ABOUT THIS TASK: The records below need to be restated word for word.
(SUPPLIED MATERIAL begins)
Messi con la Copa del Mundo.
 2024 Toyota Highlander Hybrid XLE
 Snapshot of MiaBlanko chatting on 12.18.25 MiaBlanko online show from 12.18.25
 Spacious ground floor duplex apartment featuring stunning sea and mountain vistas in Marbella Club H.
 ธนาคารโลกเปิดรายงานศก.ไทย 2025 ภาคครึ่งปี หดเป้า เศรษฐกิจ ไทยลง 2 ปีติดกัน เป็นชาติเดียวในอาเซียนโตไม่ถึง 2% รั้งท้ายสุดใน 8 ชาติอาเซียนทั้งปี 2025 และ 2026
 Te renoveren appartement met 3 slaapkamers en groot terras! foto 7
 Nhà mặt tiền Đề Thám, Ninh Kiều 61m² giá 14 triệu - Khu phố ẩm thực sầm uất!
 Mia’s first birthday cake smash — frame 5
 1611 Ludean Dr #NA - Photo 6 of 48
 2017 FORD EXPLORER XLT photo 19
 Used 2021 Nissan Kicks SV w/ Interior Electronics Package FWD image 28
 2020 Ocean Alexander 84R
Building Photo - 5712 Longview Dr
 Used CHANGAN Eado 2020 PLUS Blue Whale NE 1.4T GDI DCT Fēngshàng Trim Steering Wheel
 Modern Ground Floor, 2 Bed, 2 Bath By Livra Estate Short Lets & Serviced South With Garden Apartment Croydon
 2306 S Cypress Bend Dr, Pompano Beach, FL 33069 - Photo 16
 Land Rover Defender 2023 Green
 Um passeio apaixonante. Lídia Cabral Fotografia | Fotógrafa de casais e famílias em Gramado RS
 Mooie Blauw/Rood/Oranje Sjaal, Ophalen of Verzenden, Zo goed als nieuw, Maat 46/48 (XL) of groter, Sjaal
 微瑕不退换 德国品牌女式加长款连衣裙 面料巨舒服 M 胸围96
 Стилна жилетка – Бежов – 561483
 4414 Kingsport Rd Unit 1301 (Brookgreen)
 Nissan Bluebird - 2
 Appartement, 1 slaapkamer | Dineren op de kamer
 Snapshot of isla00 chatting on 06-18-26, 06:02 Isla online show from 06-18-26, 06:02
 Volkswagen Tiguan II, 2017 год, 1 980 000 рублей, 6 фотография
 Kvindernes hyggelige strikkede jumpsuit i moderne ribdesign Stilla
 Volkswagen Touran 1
(SUPPLIED MATERIAL ends)
RESULT FOR THIS EXERCISE:
Messi con la Copa del Mundo.
 2024 Toyota Highlander Hybrid XLE
 Snapshot of MiaBlanko chatting on 12.18.25 MiaBlanko online show from 12.18.25
 Spacious ground floor duplex apartment featuring stunning sea and mountain vistas in Marbella Club H.
 ธนาคารโลกเปิดรายงานศก.ไทย 2025 ภาคครึ่งปี หดเป้า เศรษฐกิจ ไทยลง 2 ปีติดกัน เป็นชาติเดียวในอาเซียนโตไม่ถึง 2% รั้งท้ายสุดใน 8 ชาติอาเซียนทั้งปี 2025 และ 2026
 Te renoveren appartement met 3 slaapkamers en groot terras! foto 7
 Nhà mặt tiền Đề Thám, Ninh Kiều 61m² giá 14 triệu - Khu phố ẩm thực sầm uất!
 Mia’s first birthday cake smash — frame 5
 1611 Ludean Dr #NA - Photo 6 of 48
 2017 FORD EXPLORER XLT photo 19
 Used 2021 Nissan Kicks SV w/ Interior Electronics Package FWD image 28
 2020 Ocean Alexander 84R
Building Photo - 5712 Longview Dr
 Used CHANGAN Eado 2020 PLUS Blue Whale NE 1.4T GDI DCT Fēngshàng Trim Steering Wheel
 Modern Ground Floor, 2 Bed, 2 Bath By Livra Estate Short Lets & Serviced South With Garden Apartment Croydon
 2306 S Cypress Bend Dr, Pompano Beach, FL 33069 - Photo 16
 Land Rover Defender 2023 Green
 Um passeio apaixonante. Lídia Cabral Fotografia | Fotógrafa de casais e famílias em Gramado RS
 Mooie Blauw/Rood/Oranje Sjaal, Ophalen of Verzenden, Zo goed als nieuw, Maat 46/48 (XL) of groter, Sjaal
 微瑕不退换 德国品牌女式加长款连衣裙 面料巨舒服 M 胸围96
 Стилна жилетка – Бежов – 561483
 4414 Kingsport Rd Unit 1301 (Brookgreen)
 Nissan Bluebird - 2
 Appartement, 1 slaapkamer | Dineren op de kamer
 Snapshot of isla00 chatting on 06-18-26, 06:02 Isla online show from 06-18-26, 06:02
 Volkswagen Tiguan II, 2017 год, 1 980 000 рублей, 6 фотография
 Kvindernes hyggelige strikkede jumpsuit i moderne ribdesign Stilla
 Volkswagen Touran 1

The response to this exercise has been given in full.